March 22, 2012
Pickled Beets with Cumin. Who would have thought that such a short list of ingredients could produce a condiment with so much flavor, texture, and interest? After making these for the first time, I have been determined to keep the refrigerator stocked with them ever since. A huge thanks to Linda Ziedrich to introducing me to this recipe via The Joy of Pickling.
To prepare, roast the beets until just tender. Peel and dice them into small chunks, then drown them in red wine vinegar infused with peppercorns, salt, and of course cumin. Cap them off and keep them in the refrigerator. Letting them sit at least a few days will allow the flavors to meld. They will keep up to 3 weeks.
These tasty chunks of beet are fantastic on their own, but pair them with feta and you have a very tasty snack. Toss a few in the salad along with the vinegar and finish up with a drizzle of olive oil for an easy salad dressing. There are probably a million more ways to eat these, but the beets never stick around long enough for me to dream up new ideas. How will you eat them?
November 19, 2011
Pumpkin pie is essential at any Thanksgiving feast, but to be honest it is not the part of the meal that I look forward to.
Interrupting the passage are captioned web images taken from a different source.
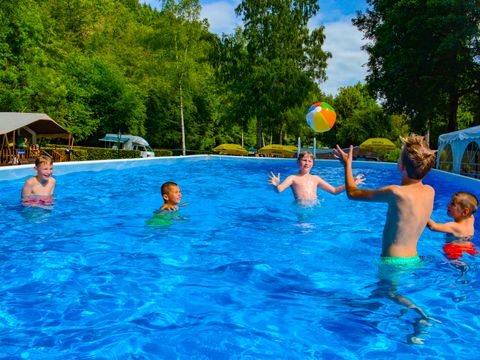 Vakantiepark Walsdorf - Camping Luxemburg - Afbeelding N°2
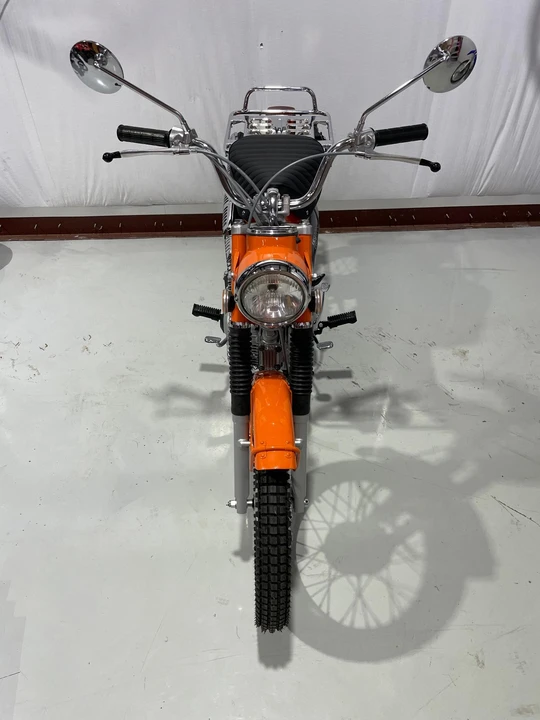 1972 Honda CT90 - Image 11 of 31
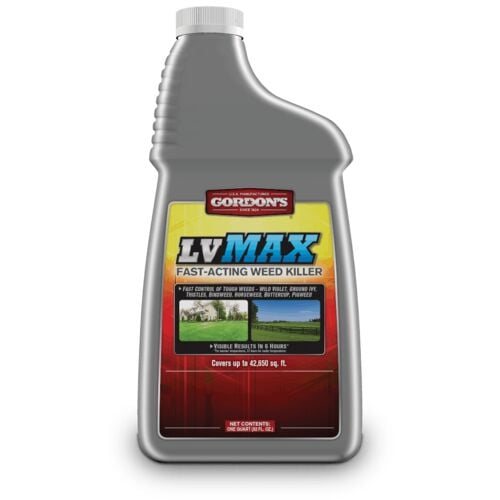 LV MAX Fast-Acting Weed Killer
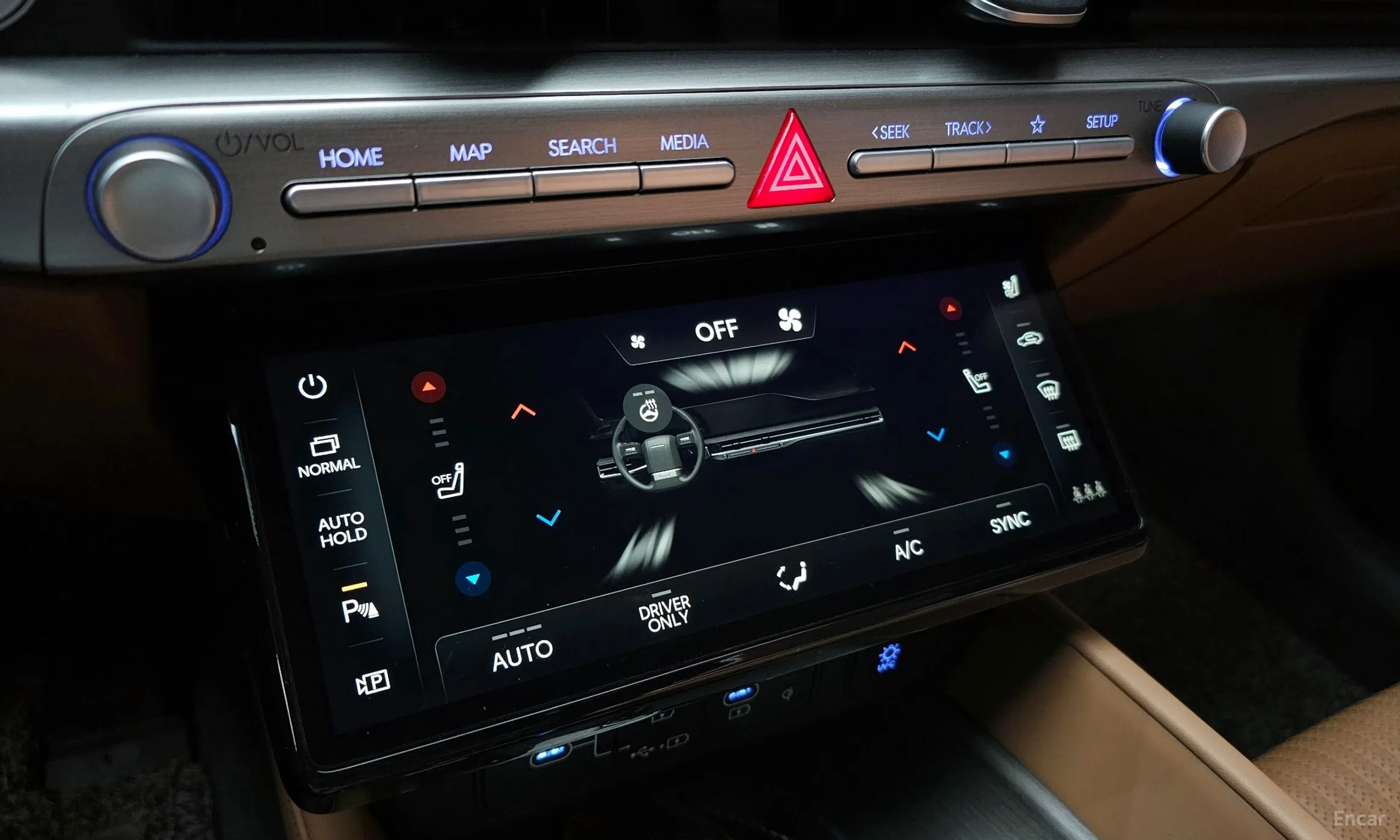 Hyundai Grandeur Hybrid (GN7) превью 17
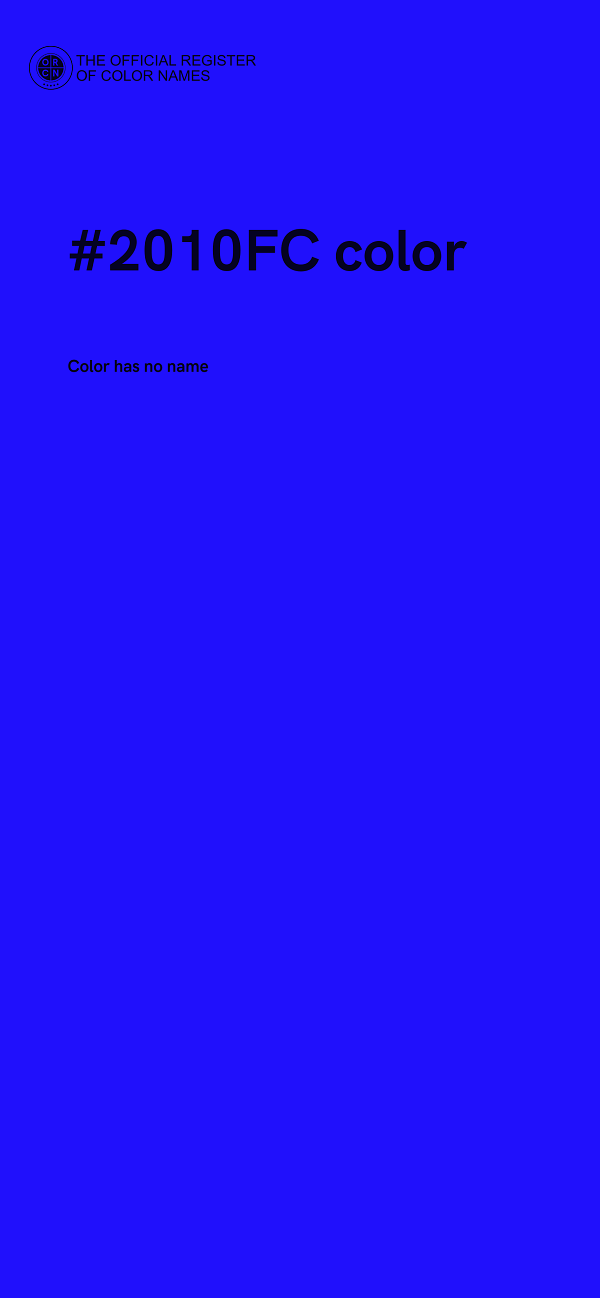 #2010FC color image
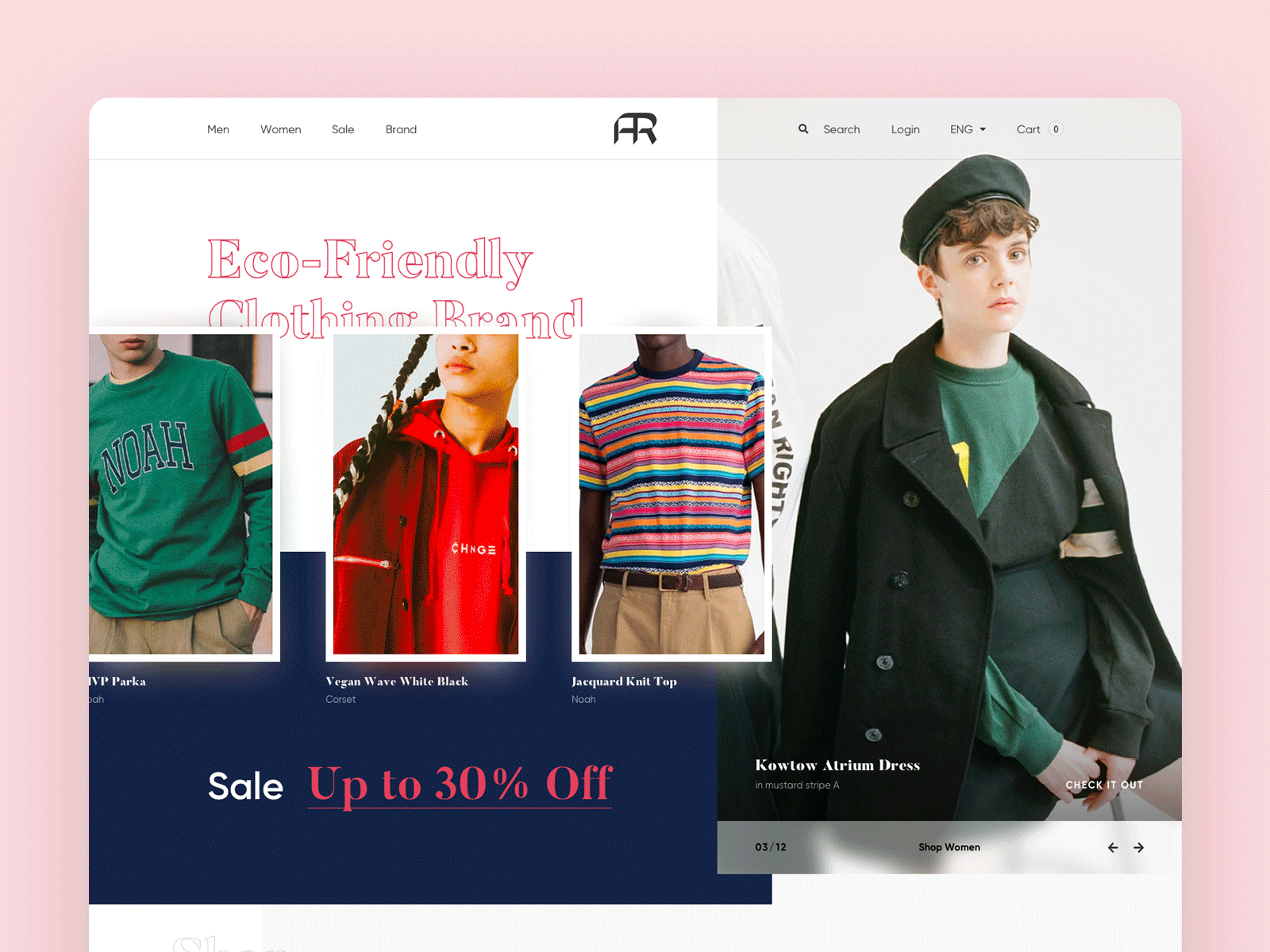 Addiction Recovery: Website ecommerce fashion logo ui uiux web website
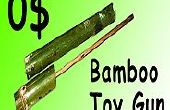 0$ bamboe Gun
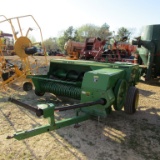 338 JOHN DEERE SQUARE BALER - VERY NICE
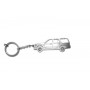 Keychain Ford Expedition III 2007-2017 - (type STEEL)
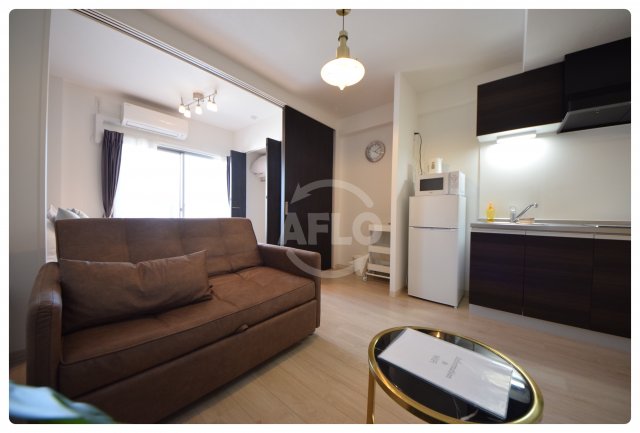 居室・リビング　FDS　NOVA　リビング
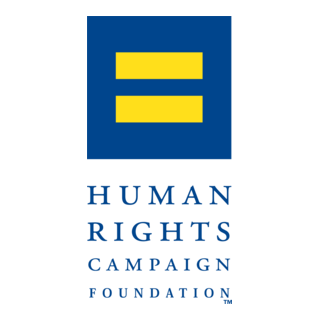 Human Rights Campaign Foundation Logo PNG Vector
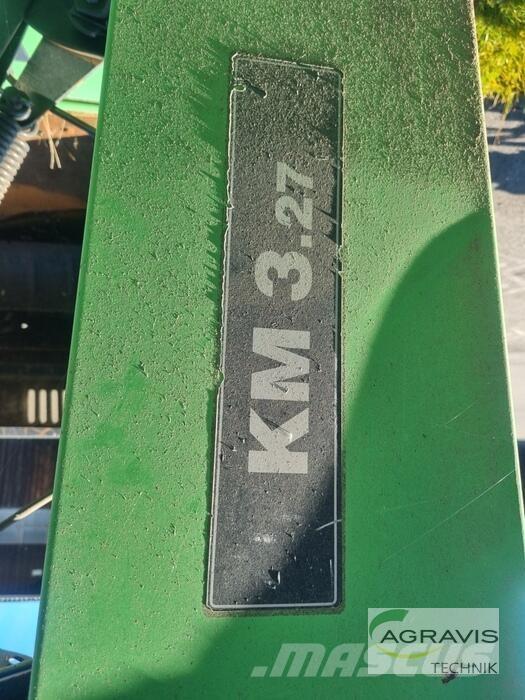 Deutz-Fahr KM 3.27 Podadoras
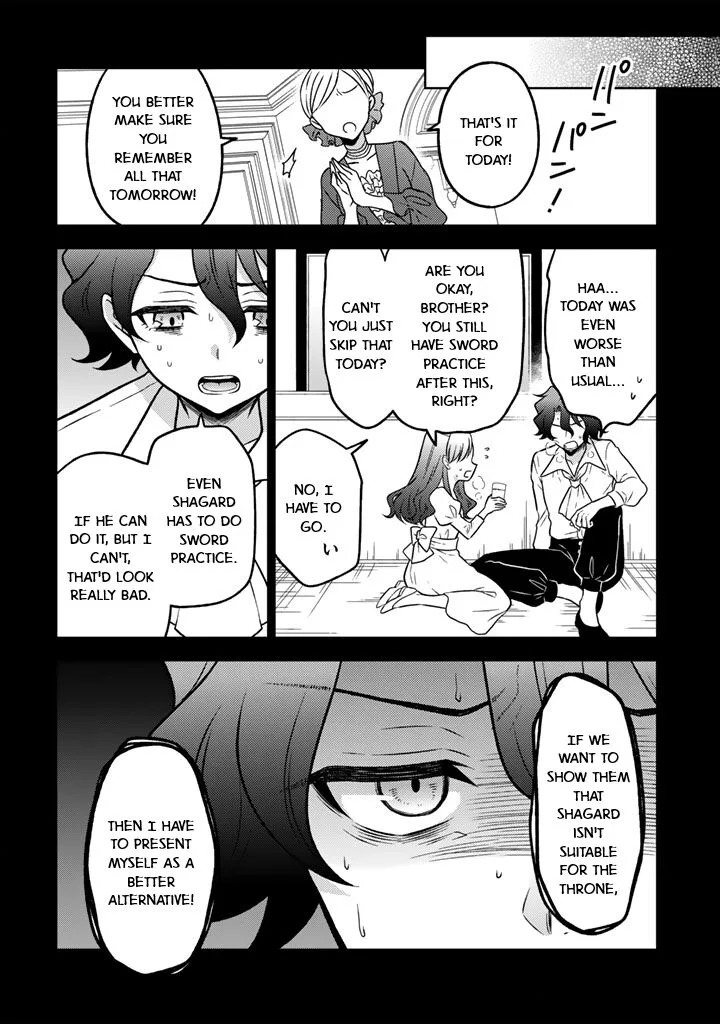 Moto Ansatsusha, Tensei shita Kizoku no Reijou ni narimashita. Chapter 23 page 6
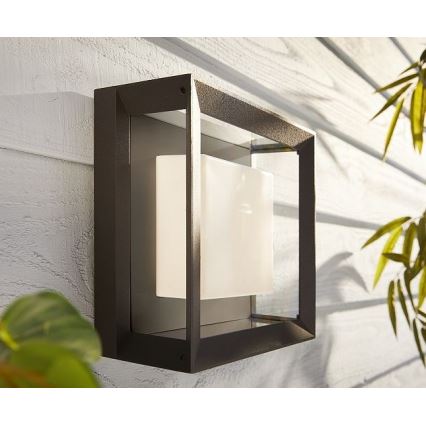 Philips - LED RGBW Димируем екстериорен аплик Hue ECONIC LED/15W/230V 2000-6500K IP44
After a heavy meal of turkey, gravy, and of course stuffing, I find it hard to rally excitement for pie. Generally I enjoy a few bites of the filling and leave the crust lonely on the plate. This is what got me thinking about skipping the crust completely and making a pumpkin pudding in its place.
Pumpkin Coconut Pudding is a thick, silky coconut milk based pudding seasoned with traditional pie spices. This rich pudding is familiar enough to satisfy the expectation of a Thanksgiving pumpkin dessert, yet different enough to stand out as something special. Using coconut milk means that the pudding (without the whipped cream) is actually vegan, so you can safely serve to a mixed crowd including those lactose and gluten intolerant folks who seem to be cropping up in every family. This pudding could not be simpler to make. Heat the coconut milk and pumpkin, then stir in a slurry of spices and cornstarch to thicken it. For a casual fare, spoon it directly from a serving bowl and let guests add their own toppings. For a fancier presentation, spoon hot pudding into beautiful dishes or glasses and decoratively top before serving. This may be a break in tradition, but who knows, perhaps I am not the only one who is happy to leave the crust behind.
March 24, 2011
Have you noticed the beautiful mangoes in the market this month? They are abundant, inexpensive, and delicious! Mangoes have firm flesh and a sweet and tangy flavor. This makes them incredibly versatile. They are hardy enough to cook, soft enough to eat raw, and excellent in salads and of course chutneys. First though, you have to know how to cut into the fruit. Since mangoes have a disc-shaped seed in the center of fruit, it is important to locate it and cut around the seed.
First peel the fruit.
Then, hold the fruit upright and slice down, guiding the knife along the side of the seed. Repeat on the other half, so you end up with two halves and one seed pod with minimal flesh attached. Slice or dice the mango halves depending on what you are using it for.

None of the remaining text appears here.